Apr-22-10  Whitehat1963: Saw the first move, but I sure didn't see the necessity of 24...Qxd6.
Apr-22-10
Premium Chessgames Member
  tarek1: First <23...Rxe4> looked like the way to go. However, I was stuck after <24.Rxe4>.

I kept trying to make <23...Qf5> work, but it didn't quite work : <24.Qd3> if now <24...Rxe4??> then <25.Rd8+> and white wins.

And unfortunately <24...Qxe4> doesn't work either : <25.Rxe4 Ra1+ 26.Qd1 Rxd1+ 27.Rxd1> and now if Black could take the rook on e4 he would be a piece up but he can't : <27...Rxe4 28.Rd8+> and mate next move.

So it took me quite a long time to come across the simple

<23...Rxe4 24.Rxe4>

White can of course decline the sacrifice but then he's simply a piece down, there's no counterattack : <24.Red1 Qe7> controlling d8. And of course : <24.Rxf6 Rxe1#> that's the point.

<24...Qxd6!> The blow I wasn't seeing at first.

The point is that <25.cxd6> is met by <26.Ra1+> with mate to follow. So again White has to accept being a piece down with something like <25.Re1> (to prevent Ra1+). Then <25...Qxc5> Black is winning.

Let's see.

Apr-22-10  A Karpov Fan: The Korch got scorched here :-)
Apr-22-10
Premium Chessgames Member
  wordfunph: i got 23...Rxe4 24.Rxe4 but i was looking at f3 square for black's queen but not possible huh! better luck tomorrow..
Apr-22-10  Cibator: Reminiscent of the famous Adams-Torre "game", with those successive unacceptable offers of the queen. Love that quiet little move (... g6) that caps it all off.
Apr-22-10
Premium Chessgames Member
  David2009: Thursday 22/04/2010 Korchnoi vs Levenfish, 1953 Black 23...?

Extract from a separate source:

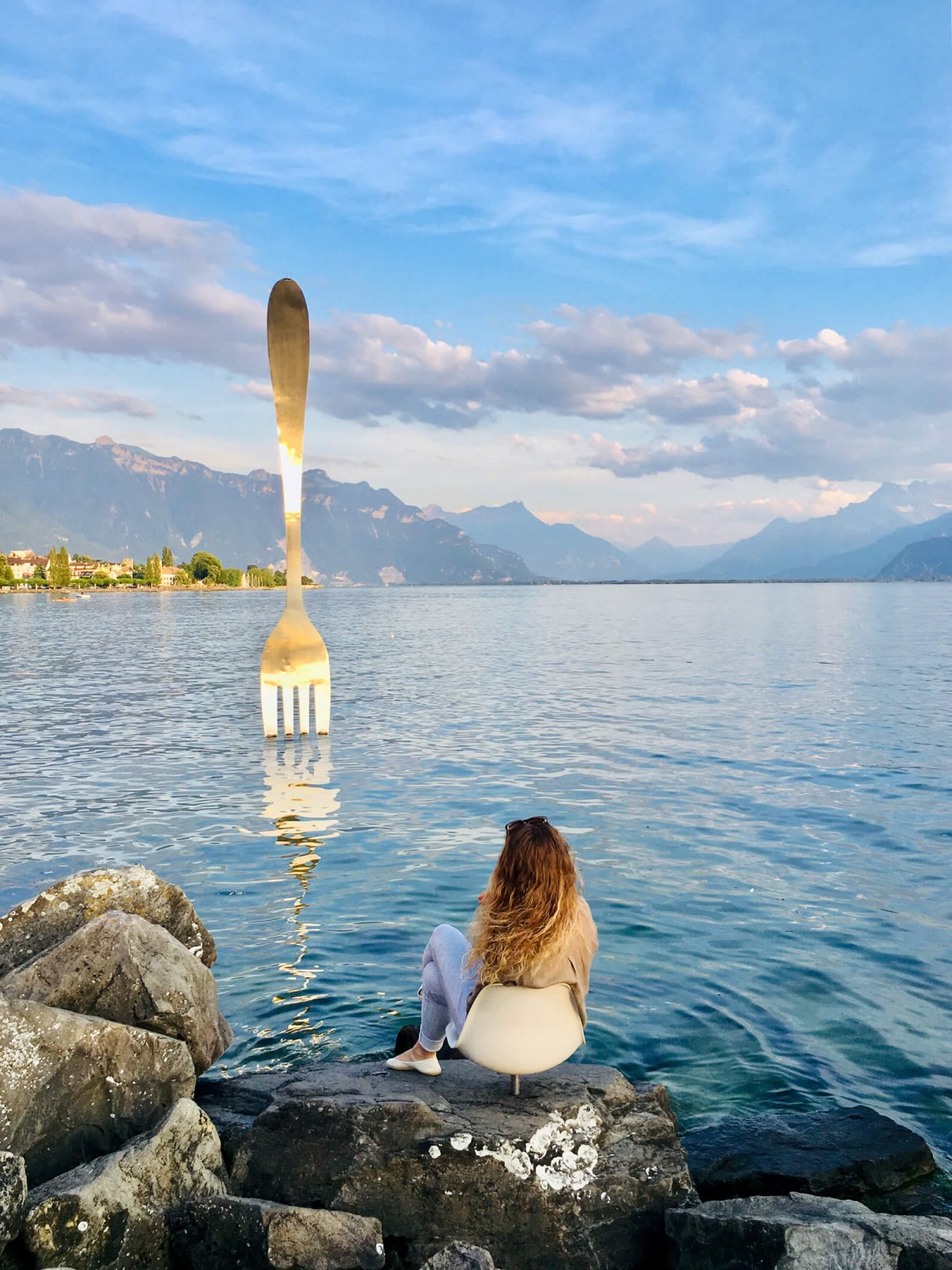 The Fork in Lake Geneva at Vevey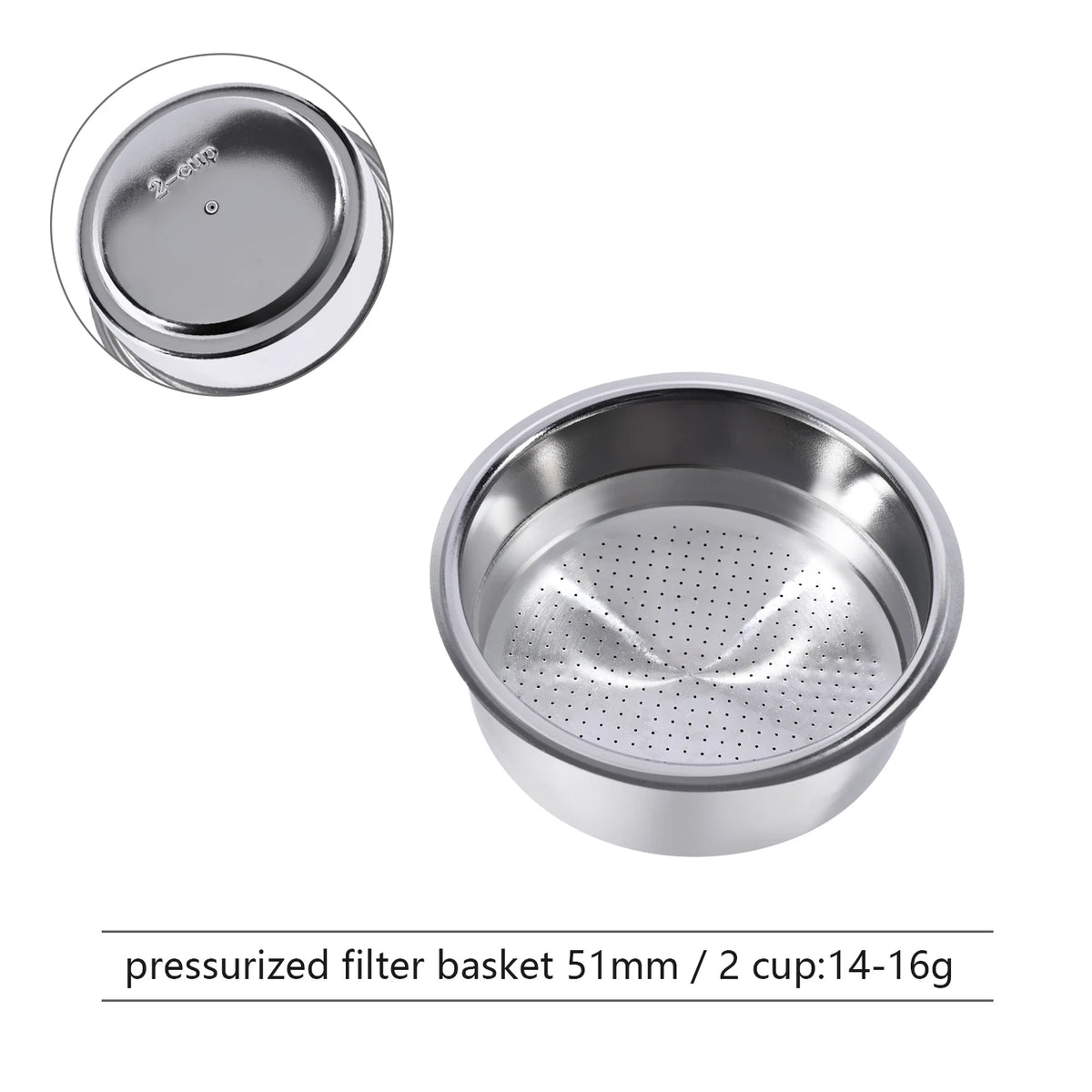 Kaffeefilterkorb 51/54/58mm – Einzel- & Doppelsieb für Portafilter Espressomaschinen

23 ...Rxe4 and if 24 Rxe4 Qxd6 ending a B ahead. Time to check: ====
25 Qxb4 Qxc5! was a neat finishing touch, but even without it Black won comfortably. Easier than yesterday where I blundered (in distinguished company) with ...Qxd1??

Apr-22-10
Premium Chessgames Member
  awfulhangover: Yesterday it took me 10 min to get the correct move, today one minute (didn't see 24. Qxd6 at once). I guess I'm not the only one to think that today was an easier puzzle.
Apr-22-10  tratra: Korchnoi vs Levenfish
Medium

Black to play:

Material is even: 2R + 1B + Q + 5 pawns. White has a defensive position. Although white's bishop influences some of the kingside light squares black has a back rank mate. White's rooks have fair control over the central files but Black's rooks also controls important files on the e file and a file. White's rook on e1 square is burdened to protect the back rank and the bishop on the center.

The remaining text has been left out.